Versioning and listing
Of course, storing files is only half the story. The real value of SharePoint has always been what it does after the file lands: versioning, metadata, audit trails. With SharePoint Embedded, all of that comes for free. Every file you upload is automatically versioned, just like it would be in a regular SharePoint document library. You can list the contents of a container and see exactly who modified what and when:
var items = await graphClient
.Storage
.FileStorage
.Containers[containerId]
.Drive
.Root
.Children
.GetAsync(config =>
{
config.QueryParameters.Select = new[]
{
"id", "name", "size", "lastModifiedDateTime", "lastModifiedBy"
};
config.QueryParameters.Orderby = new[] { "lastModifiedDateTime desc" };
});
foreach (var item in items!.Value!)
{
var modifiedBy = item.LastModifiedBy?.User?.DisplayName ?? "System";
Console.WriteLine($" {item.Name} | {item.Size} bytes | " +
$"Modified {item.LastModifiedDateTime:yyyy-MM-dd} by {modifiedBy}");
}
First off, if you’ve ever had to build versioning yourself on top of Azure Blob Storage, you know this is a massive win. I’ve been on projects where we spent weeks implementing version history, diff tracking, and rollback for documents stored in blobs. With SharePoint Embedded, you just get it. It’s SharePoint. It knows how to do this.
Permissions
Here’s where it gets interesting. You can set granular permissions on containers, giving specific users or groups access to specific content without them ever needing a SharePoint license for the UI:
await graphClient
.Storage
.FileStorage
.Containers[containerId]
.Permissions
.PostAsync(new Permission
{
Roles = new List<string> { "reader" },
GrantedToV2 = new SharePointIdentitySet
{
User = new Identity
{
Id = "user-object-id",
DisplayName = "External Reviewer"
}
}
});
This way you can have an external reviewer who can read contract documents through your app’s UI, with all the compliance and audit trails that SharePoint provides, without ever giving them access to your SharePoint tenant. That’s a scenario I’ve tried to build at least five times over the years, and it was never this clean.
How it compares
I know what you’re thinking. “Rick, can’t I just use Azure Blob Storage?” Sure. It’s cheap. It’s fast. But you get no versioning, no built-in permissions model, no search, no compliance features. You’ll end up building all of that yourself, and I promise you’ll underestimate how long it takes. I always do.
What about the OneDrive API? It’s great, but it’s tied to user context. You’re always operating within someone’s OneDrive, which doesn’t make sense for application-owned content like customer contracts or project documents. And if you use raw SharePoint through Graph, you still have the problem that your content lives in a SharePoint site that users can navigate to. Someone will find it, bookmark it, and start uploading random files outside your app’s workflow. I’ve seen it happen on every single project.

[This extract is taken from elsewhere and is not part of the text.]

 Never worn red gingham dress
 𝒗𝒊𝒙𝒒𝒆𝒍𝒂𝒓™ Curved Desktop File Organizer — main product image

SharePoint Embedded gives you the storage engine of SharePoint (the versioning, the permissions, the compliance, the search) without the SharePoint UI layer. Your content lives in containers that are only accessible through your application.
Pricing
I’m not going to pretend this is free. Containers consume SharePoint storage, and that storage is billed to your Microsoft 365 tenant. You need to factor that into your architecture decisions. But here’s the honest calculation: for document-heavy applications that need enterprise features like versioning, granular permissions, eDiscovery holds, and retention policies, the alternative is building all of that yourself on top of blob storage. I’ve done that math before, and it doesn’t work out in favor of building it yourself. Not even close.
It took about 15 years, but Microsoft finally made SharePoint feel like a proper backend service. I’ll take it.